Cybersecurity: il reset quotidiano diventa una necessità
Gli esperti di sicurezza informatica da anni ci avvertono: phishing su WhatsApp, malware negli APK e connessioni a reti Wi-Fi pubbliche sono solo la punta dell'iceberg di un pericolo crescente. Ma la strategia dell'avvio settimanale del telefono, un tempo considerata una difesa efficace, sta perdendo rapidamente efficacia.

Un nuovo scenario: virus e tecniche avanzate
Il 2026 si preannuncia più complesso. Le minacce informatiche si sono evolute in strategie maligne sempre più sofisticate, con virus capaci di prendere il controllo dei dispositivi senza l'intervento dell'utente e di infiltrarsi in conti bancari e social media. L'approccio precedente, basato sul riavvio settimanale, si è dimostrato obsoleto.

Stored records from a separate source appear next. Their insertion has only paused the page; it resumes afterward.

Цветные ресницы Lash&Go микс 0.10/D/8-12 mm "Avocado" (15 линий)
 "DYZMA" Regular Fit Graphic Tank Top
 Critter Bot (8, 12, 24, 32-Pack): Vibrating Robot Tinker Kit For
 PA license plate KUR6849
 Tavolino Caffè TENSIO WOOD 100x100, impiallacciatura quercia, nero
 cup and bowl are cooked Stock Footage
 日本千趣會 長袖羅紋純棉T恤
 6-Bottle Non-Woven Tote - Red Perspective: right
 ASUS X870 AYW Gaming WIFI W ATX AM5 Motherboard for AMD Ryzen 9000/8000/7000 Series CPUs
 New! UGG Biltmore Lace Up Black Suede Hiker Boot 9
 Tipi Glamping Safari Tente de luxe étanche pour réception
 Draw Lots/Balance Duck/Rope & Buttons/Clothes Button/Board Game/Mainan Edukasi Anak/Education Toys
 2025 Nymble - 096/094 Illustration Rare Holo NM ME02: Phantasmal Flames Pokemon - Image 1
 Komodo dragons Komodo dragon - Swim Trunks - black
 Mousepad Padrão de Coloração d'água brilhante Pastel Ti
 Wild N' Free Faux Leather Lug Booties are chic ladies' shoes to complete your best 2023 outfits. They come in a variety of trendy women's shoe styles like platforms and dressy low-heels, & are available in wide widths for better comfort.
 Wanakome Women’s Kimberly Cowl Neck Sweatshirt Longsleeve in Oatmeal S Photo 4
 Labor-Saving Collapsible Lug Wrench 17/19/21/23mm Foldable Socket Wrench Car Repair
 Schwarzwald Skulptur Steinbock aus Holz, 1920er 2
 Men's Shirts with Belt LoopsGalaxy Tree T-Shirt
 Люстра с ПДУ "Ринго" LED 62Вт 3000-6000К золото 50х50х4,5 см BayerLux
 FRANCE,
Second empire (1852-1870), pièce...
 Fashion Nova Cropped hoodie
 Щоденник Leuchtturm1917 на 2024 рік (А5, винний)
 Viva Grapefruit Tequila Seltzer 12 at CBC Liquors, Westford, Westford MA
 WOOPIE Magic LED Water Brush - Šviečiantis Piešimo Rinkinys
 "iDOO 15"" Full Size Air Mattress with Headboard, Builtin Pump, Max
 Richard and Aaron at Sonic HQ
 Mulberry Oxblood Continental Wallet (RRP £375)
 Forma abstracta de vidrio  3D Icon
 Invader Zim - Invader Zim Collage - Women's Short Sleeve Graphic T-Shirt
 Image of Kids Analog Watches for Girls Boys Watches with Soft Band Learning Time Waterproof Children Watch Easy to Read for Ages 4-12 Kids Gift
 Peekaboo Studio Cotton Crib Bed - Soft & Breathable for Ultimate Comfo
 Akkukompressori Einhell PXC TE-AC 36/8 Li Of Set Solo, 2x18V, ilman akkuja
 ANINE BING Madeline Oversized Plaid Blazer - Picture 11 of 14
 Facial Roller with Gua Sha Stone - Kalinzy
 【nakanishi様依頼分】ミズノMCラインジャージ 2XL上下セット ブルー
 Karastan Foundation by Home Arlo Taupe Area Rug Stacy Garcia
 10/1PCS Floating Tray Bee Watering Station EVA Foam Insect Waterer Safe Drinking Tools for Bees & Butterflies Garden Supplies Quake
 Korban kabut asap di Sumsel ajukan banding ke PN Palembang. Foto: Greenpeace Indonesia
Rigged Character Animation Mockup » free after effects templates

Ora, l'Agenzia di Sicurezza Nazionale degli Stati Uniti (NSA) e il Primo Ministro australiano, Anthony Albanese, lanciano un allarme: il riavvio quotidiano è diventato imperativo. “Tutti abbiamo una responsabilità,” dichiara Albanese. “Piccoli gesti, come spegnere il telefono per cinque minuti ogni sera. Ma soprattutto, fatelo ogni 24 ore, mentre vi spazzolate i denti o fate quello che vi pare.”
Secondo quanto riportato da The Guardian, questa pratica, combinata con un periodo di spegnimento di 5 minuti, neutralizza i processi malevoli, spyware e attacchi zero-click. Una semplice azione, ma sorprendentemente efficace contro strategie avanzate.
La difficoltà risiede nella costante necessità di questo comportamento, che potrebbe risultare ‘fastidioso’ per alcuni utenti. Il Dr. Priyadarsi Nanda, esperto di cybersecurity presso la Tecnologia di Sídney, racconta di casi in cui persone non hanno spento il telefono per un intero anno. La chiave è integrare questo gesto nel quotidiano: un momento di pausa, un'interruzione della routine, per interrompere i processi malevoli senza compromettere l'esperienza utente.
Ben van der Burg consiglia di abbandonare WhatsApp e Gmail a favore di alternative europee, rafforzando ulteriormente la protezione. Ma non è tutto: l'NSA raccomanda l'uso di antivirus per Android e iOS, e di VPN per una navigazione sicura. Aggiornare il sistema operativo, scaricare file solo da fonti affidabili ed evitare reti Wi-Fi pubbliche rimangono precauzioni fondamentali.
L'autenticazione a due fattori, infine, è un ulteriore livello di sicurezza da non sottovalutare. La realtà è che la battaglia contro il cybercrime è una corsa continua, e la vigilanza costante è l'unica arma efficace.”